A conclusão final que Kuo tirou de suas experiências foi esta: o gato não possui nenhum instinto especifico dirigido contra os roedores. Seu corpo é construído de tal forma que se adapta perfeitamente à apreensão de pequenos animais, tais como ratos, camundongos, pássaros, etc. Mas adapta-se bem, tanto para devorar quanto para brincar. Os cavalos, os leões e os pardais reagem de maneira diversa diante de um rato, não porque lhes falte algum instinto especifico, mas sim por uma simples questão de tamanho de adaptação do corpo aos movimentos necessários para realizar as operações de caçar ou devorar os roedores. O tipo de comportamento que o gato manifesta em relação ao rato, isto é, o conjunto de reações que normalmente se desenvolvem no felino diante de um rato ou de um camundongo, como diante de um pássaro, é aprendido e modificado pelo ambiente. Mudando este, podemos fazer do gato um inimigo feroz ou um companheiro folgazão para o rato.

Dissipam-se desse modo os efeitos das primeiras impressões. Se nossa tendência natural é para dizer que os gatos matam os ratos por simples e puro instinto, e que não passam de gatos degenerados os que assim não procedem, a experiência mostra que tão natural é, entre os gatos, matar os ratos como ser amigos deles. E isso está de acordo, aliás, com a observação desapaixonada dos fatos, pois na verdade todos sabem que, desde que o mundo é mundo, sempre houve gatos bons caçadores e gatos maus caçadores de ratos.

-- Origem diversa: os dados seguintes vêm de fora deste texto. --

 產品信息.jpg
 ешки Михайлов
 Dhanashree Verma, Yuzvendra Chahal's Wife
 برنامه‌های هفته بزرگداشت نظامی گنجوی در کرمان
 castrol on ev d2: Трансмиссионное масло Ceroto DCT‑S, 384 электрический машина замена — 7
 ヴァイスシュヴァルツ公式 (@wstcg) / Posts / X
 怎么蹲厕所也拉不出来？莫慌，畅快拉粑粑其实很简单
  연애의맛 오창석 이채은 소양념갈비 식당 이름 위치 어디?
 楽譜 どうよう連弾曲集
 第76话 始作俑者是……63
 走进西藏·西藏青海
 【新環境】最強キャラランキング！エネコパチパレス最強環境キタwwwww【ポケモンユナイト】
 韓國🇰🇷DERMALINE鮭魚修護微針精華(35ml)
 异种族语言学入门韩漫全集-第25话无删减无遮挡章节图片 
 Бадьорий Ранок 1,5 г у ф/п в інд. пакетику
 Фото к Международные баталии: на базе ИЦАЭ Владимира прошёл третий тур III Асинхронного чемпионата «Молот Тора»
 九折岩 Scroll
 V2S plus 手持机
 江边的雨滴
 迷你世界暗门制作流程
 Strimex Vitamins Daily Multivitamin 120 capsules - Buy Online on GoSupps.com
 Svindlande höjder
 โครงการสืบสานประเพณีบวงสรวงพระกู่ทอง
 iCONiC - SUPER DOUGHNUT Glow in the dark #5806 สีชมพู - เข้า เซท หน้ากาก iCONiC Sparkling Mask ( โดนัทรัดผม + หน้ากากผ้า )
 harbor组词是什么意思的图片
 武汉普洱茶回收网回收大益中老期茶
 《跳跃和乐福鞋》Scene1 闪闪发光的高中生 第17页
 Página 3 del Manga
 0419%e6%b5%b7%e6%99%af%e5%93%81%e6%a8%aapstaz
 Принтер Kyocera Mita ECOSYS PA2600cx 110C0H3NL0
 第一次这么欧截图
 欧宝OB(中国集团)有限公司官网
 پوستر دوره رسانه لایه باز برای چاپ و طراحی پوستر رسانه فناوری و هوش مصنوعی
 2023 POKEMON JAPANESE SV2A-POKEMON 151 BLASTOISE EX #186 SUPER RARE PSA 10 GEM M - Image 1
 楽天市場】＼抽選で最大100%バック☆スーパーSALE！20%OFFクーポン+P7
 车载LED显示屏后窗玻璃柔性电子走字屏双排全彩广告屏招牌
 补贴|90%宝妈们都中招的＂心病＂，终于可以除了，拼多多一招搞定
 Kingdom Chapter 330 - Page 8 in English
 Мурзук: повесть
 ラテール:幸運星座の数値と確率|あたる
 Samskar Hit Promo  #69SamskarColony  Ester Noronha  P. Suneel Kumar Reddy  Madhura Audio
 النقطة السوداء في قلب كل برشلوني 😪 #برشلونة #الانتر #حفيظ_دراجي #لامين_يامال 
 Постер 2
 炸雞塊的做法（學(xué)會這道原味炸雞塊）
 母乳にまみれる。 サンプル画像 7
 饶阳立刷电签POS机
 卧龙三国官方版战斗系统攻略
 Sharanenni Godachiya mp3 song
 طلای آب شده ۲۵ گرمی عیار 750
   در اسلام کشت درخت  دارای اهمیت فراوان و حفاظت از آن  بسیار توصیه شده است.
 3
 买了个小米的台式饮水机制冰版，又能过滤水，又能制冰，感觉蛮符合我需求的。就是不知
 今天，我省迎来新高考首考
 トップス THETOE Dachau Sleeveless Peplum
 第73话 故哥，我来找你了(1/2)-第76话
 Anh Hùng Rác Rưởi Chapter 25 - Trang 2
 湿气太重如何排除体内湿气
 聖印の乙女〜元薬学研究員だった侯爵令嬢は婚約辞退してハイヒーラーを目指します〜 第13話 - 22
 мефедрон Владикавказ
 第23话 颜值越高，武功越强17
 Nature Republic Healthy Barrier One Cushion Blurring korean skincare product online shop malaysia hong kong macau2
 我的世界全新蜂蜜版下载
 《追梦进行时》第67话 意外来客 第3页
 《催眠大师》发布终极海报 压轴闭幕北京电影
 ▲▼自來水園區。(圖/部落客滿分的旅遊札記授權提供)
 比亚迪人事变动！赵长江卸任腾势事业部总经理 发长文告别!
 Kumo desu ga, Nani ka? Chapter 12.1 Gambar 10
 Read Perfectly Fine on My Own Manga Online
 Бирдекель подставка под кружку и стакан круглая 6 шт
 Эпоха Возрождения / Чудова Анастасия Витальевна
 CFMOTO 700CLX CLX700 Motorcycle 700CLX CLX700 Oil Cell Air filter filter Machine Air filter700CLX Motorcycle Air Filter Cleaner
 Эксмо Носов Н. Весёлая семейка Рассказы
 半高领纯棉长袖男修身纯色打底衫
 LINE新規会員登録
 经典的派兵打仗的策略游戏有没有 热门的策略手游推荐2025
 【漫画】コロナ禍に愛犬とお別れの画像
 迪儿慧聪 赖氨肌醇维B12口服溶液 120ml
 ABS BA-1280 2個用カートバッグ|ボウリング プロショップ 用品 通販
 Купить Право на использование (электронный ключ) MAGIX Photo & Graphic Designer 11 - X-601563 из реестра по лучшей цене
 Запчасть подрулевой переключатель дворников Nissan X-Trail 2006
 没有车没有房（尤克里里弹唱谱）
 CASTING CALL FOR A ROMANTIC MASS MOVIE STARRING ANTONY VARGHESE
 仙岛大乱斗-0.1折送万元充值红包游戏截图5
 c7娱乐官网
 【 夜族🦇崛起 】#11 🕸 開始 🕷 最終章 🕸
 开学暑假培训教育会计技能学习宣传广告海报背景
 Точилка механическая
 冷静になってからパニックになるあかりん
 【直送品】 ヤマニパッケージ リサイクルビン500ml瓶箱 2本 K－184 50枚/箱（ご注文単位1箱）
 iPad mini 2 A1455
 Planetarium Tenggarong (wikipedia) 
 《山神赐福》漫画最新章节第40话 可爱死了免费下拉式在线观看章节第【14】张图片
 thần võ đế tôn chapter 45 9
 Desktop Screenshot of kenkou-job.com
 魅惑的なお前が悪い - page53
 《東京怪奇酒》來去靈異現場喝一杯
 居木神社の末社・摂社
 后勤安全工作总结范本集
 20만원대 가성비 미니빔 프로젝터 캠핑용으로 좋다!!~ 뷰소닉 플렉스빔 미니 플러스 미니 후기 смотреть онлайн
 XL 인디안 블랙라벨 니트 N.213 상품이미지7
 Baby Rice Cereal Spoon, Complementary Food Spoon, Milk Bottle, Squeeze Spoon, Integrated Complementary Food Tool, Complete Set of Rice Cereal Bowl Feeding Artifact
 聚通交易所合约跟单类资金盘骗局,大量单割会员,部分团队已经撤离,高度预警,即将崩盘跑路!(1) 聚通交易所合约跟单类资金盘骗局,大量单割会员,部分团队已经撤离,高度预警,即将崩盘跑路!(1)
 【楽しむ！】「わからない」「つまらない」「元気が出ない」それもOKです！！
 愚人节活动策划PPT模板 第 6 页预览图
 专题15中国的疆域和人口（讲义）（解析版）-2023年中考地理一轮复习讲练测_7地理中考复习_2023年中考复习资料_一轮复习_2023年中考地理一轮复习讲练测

Restaria explicar por que tantos gatos acabam matando um ou outro rato e se afeiçoando a esse trabalho. E também por que, nas experiências de Kuo, mesmo entre os gatos completamente isolados, cerca de metade acabou matando ratos ou camundongos. É que na vida diária o rato ou camundongo são acidentes comuns no caminho dos gatos. Estes os perseguem inicialmente como a tudo que corra ou se mova. Brincam, eventualmente mordem. E morrendo, sentem o gosto e descobrem que este é bom… E assim começa a historia, que não precisa do tão falado instinto para se explicar convenientemente.

* Fonte: Texto publicado na edição de 01 de junho de 1952 do jornal Folha da Manhã.

* Foto: Gauchazh.clicrbs.com.br.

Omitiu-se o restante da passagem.